Vous vous êtes installée dans cet atelier à Ivry en 1998. Vous racontez volontiers qu’il a changé votre vie ?
Oui, Marie Darrieussecq – traduisant Virginia Woolf – dit qu’on ne parle plus d’une « chambre à soi », mais d’un « lieu à soi (1) ». J’ai l’impression d’avoir créé un lieu pour moi. J’ai quitté un bâtiment de la Ville de Paris, près de la place d’Italie, et je me suis greffée sur un projet immobilier mené par Pierre Bertheau : sa femme était artiste, et il s’est rendu compte qu’il n’y avait pas assez d’ateliers dans la ville d’Ivry, où ils vivaient.
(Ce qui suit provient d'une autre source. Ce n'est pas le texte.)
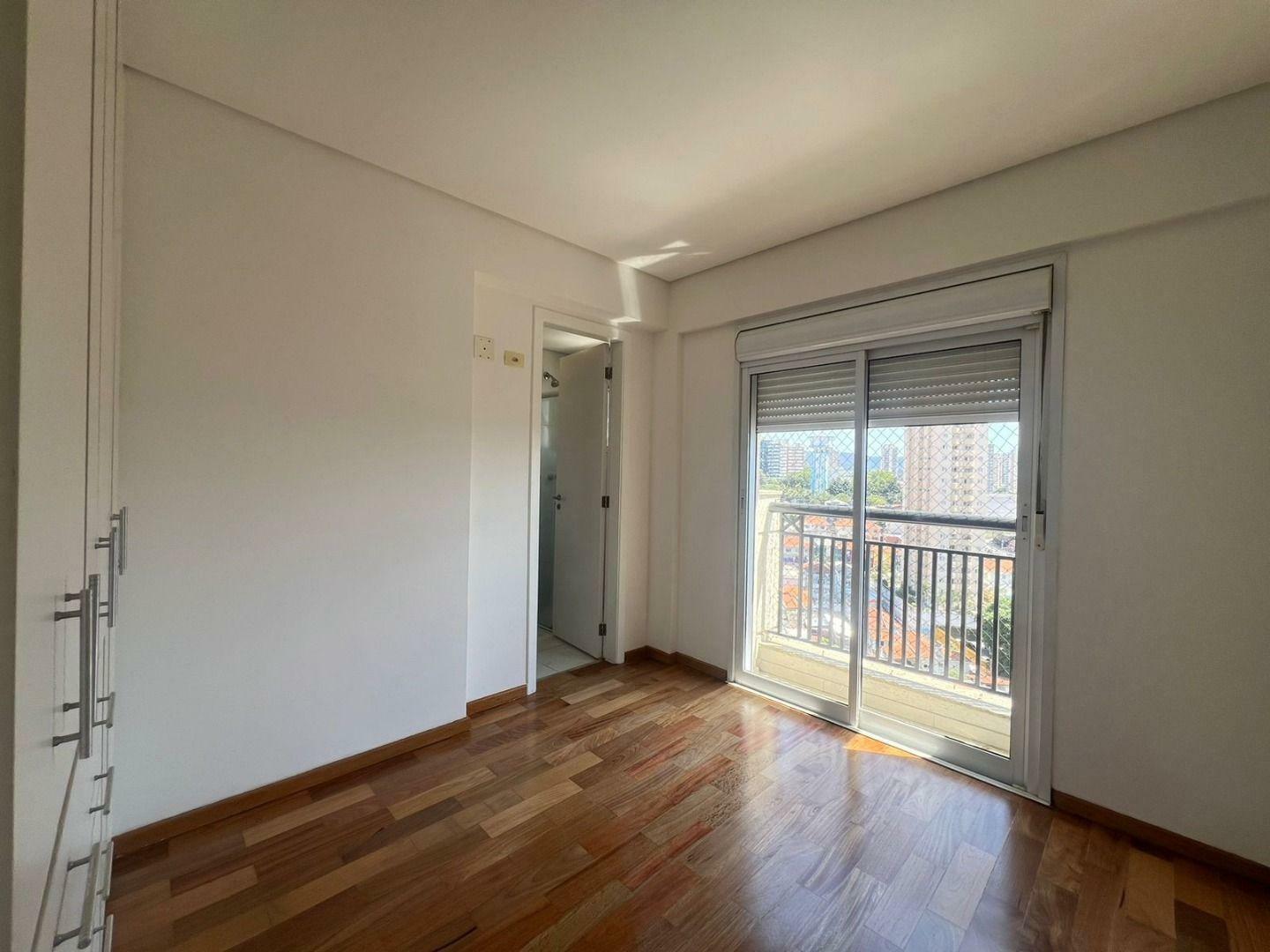 Apartamento para alugar com 4 quartos, 173m² - Foto 12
Il a alors acheté des friches industrielles et les a découpées en lots bruts, qu’il a revendus à des artistes et artisans à 900 euros le mètre carré !
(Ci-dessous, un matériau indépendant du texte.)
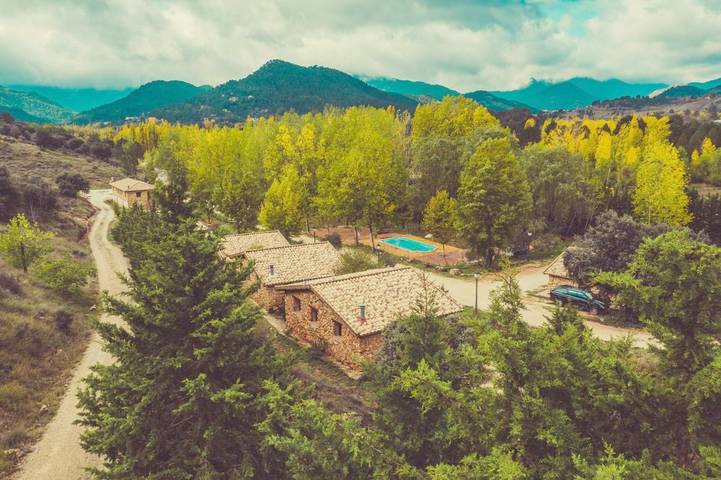 Casa rural para 5 personas, con Terraza y Jardín además de Piscina y Vistas en Provincia de Albacete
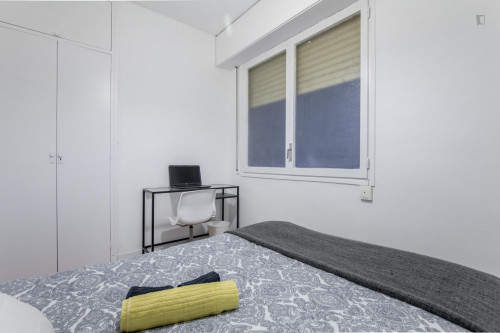 Very Cool Double Bedroom Near The Lovely Parc Dels Til·lers - 1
D’immenses fenêtres donnent sur des voies de chemin de fer, avec la colline d’Ivry, la tour Eiffel, la tour Montparnasse et les tours Duo de Jean Nouvel. L’architecture est très présente, ce qui n’est peut-être pas un hasard, puisque votre père a été l’un des cofondateurs de l’Atelier de Montrouge (2). Il y a ici quelque chose de très urbain, de dur, et en même temps une sorte d’harmonie classique.
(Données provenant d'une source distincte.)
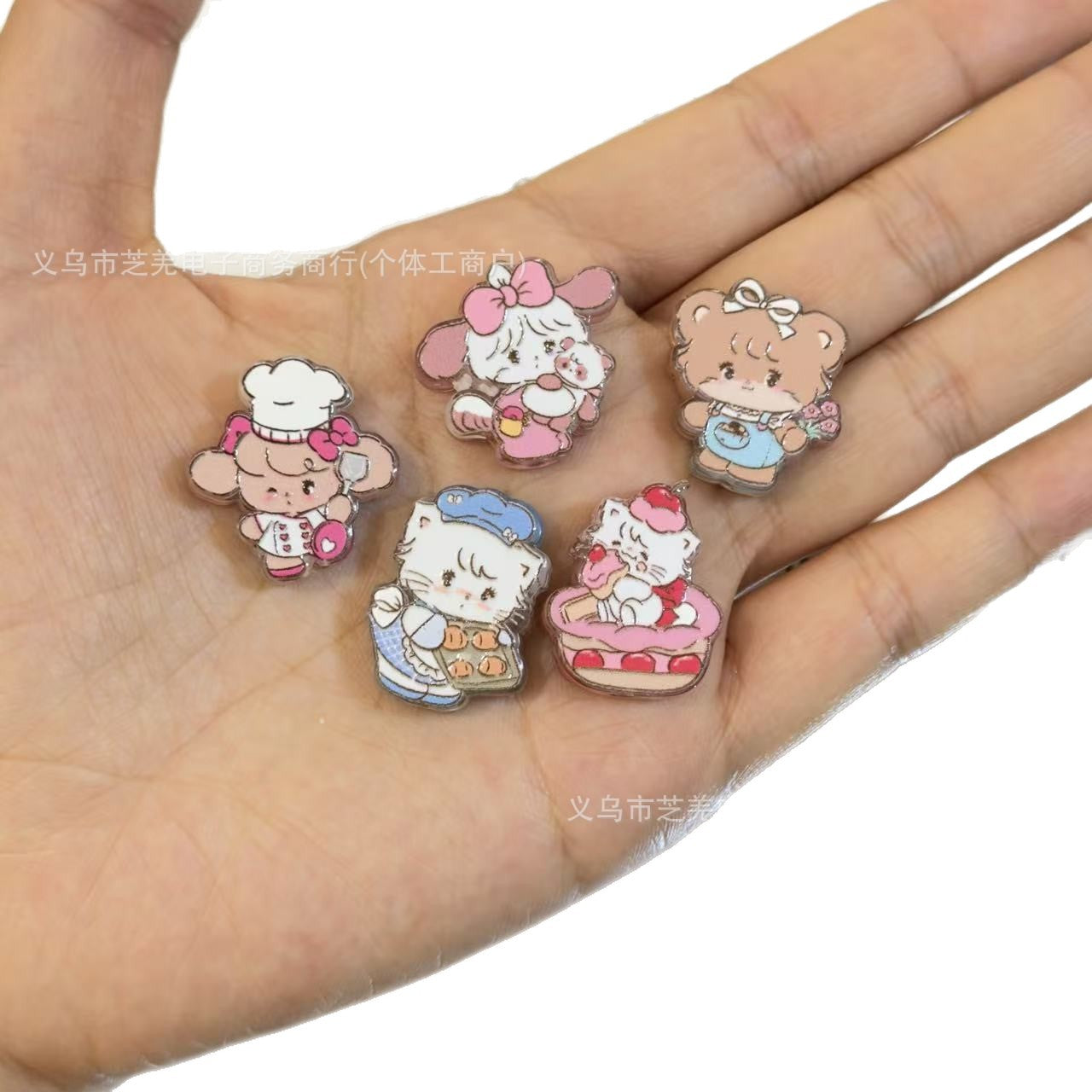Wholesale 10pcs baking bread cartoon cat relief acrylic beads OLY Exclusive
C’est très hétérogène, avec une forme d’équilibre. Et j’aime l’idée que c’est ce lieu qui m’a choisie plus que je ne l’ai choisi… Dans ses écrits récents, Michèle Cohen-Halimi, qui est une amie, raconte que l’on croit tomber sur un livre, alors que c’est le livre qui tombe sur nous… Ce n’est pas un hasard en effet si j’ai eu envie de prendre mon vélo pour parcourir cette banlieue, puis que je m’y suis installée. C’est une zone où le XIXe, le XXe et le XXIe siècle se rencontrent, et où je me sens libre, car l’architecture et la temporalité sont libres. Une ville communiste, avec un maire formidable : à Ivry, l’art a toujours été très présent.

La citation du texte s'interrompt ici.